Since the Chicago Bulls drafted Derrick Rose back in 2008, they made the playoffs in seven consecutive seasons, before finishing ninth last season under the guidance of first year head coach Fred Hoiberg.
The roster that was assembled around Derrick Rose was good, but was missing a shooting guard to take the team to the highest level.
The hiring of coach Tom Thibodeau in 2010 kept Chicago at or near the top of the eastern conference for years to come. A team of defensive-minded players with 2011 MVP Derrick Rose made enough noise to be considered championship contenders on several occasions.
After Derrick Rose, Joakim Noah and Luol Deng all suffered career-changing injuries, the incompetence of the Bulls’ front office came to the fore.
It had been well documented that Coach Thibodeau and the front office were at a disagreement, with Gar Forman and John Paxson controlling who’s on the roster, who is drafted and who plays in the starting line-up. And while Tom Thibodeau was the only thing keeping the franchise afloat, Forman and Paxson fired him to hire a younger, inexperienced coach with the promise of an up-tempo offense and greater team chemistry.
The only problem was that Coach Hoiberg’s system needs three point shooting and athletic players, and Forman and Paxson recruited Dwyane Wade and Rajon Rondo. They are both high profile veterans that are slow and shoot a low percentage.
This was purely a business decision.
After the team’s struggles in the previous season, fans were becoming uninterested in the same regime, so by bringing in Chicago-native Wade and former all-star Rondo to team up with Jimmy Butler, the team was destined to sell tickets. Which it has.

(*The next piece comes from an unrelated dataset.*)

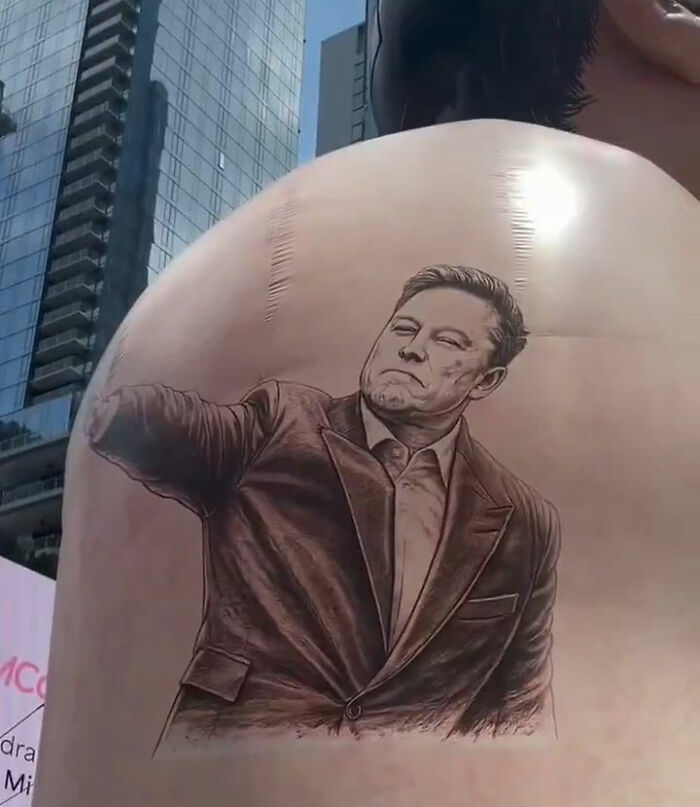 Giant Inflatable Of Elon Musk Mysteriously Appears In Times Square With Scathing Message Giant Inflatable Of Elon Musk Mysteriously Appears In Times Square With Scathing Message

But the Bulls have very few, possibly no, young assets, and are not primed to win a championship in the next two or three years.
So what direction are they headed in? Years of finishing in the middle of the eastern conference and getting bounced in the first round of the playoffs if they are lucky to get that far. But as long as they are selling tickets and making money, Jerry Reinsdorf, Gar Forman and John Paxson are happy.
Bulls fans are getting frustrated that management does not care about wins. So much so that they have organised a protest in early March when Chicago play the L.A Clippers at home. A petition has been made on change.org, and fans are voicing their displeasures on all forms of social media.
Beyond that, there is a rift in the locker room between the young players and the veterans, and the head coach and the veterans. While the logical outcome for the team’s struggles would be to fire Hoiberg and start a-fresh, that will not be happening due to the length of the deal he signed.
So as front office take advantage of one of the most loyal fan-bases in sport, the Chicago Bulls continue to spiral in the wrong direction. And with an owner ignorant of what needs to be done, and a front office who couldn’t run the local B team, times do not seem to be changing any time soon for the Chicago Bulls.